WORK REQUIRED
Count how many lines of the listing contain "Long", then give that number and nothing more.

DATA TO PROCESS

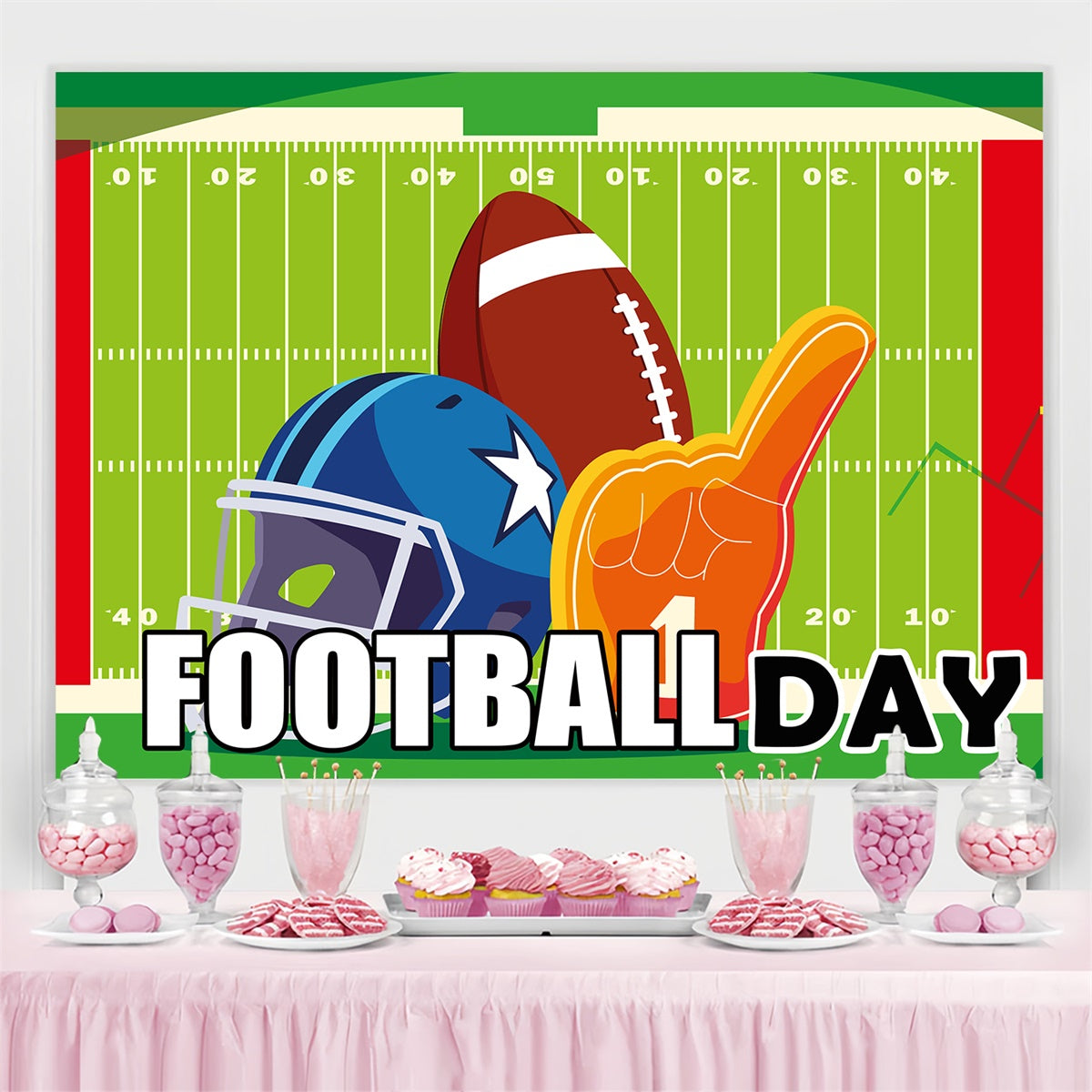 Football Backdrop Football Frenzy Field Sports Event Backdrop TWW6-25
==
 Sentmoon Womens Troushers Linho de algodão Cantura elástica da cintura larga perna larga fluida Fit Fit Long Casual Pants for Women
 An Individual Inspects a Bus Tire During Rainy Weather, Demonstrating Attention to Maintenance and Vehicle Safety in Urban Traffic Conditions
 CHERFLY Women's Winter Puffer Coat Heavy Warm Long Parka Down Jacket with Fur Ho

RESULT OF THE TASK
2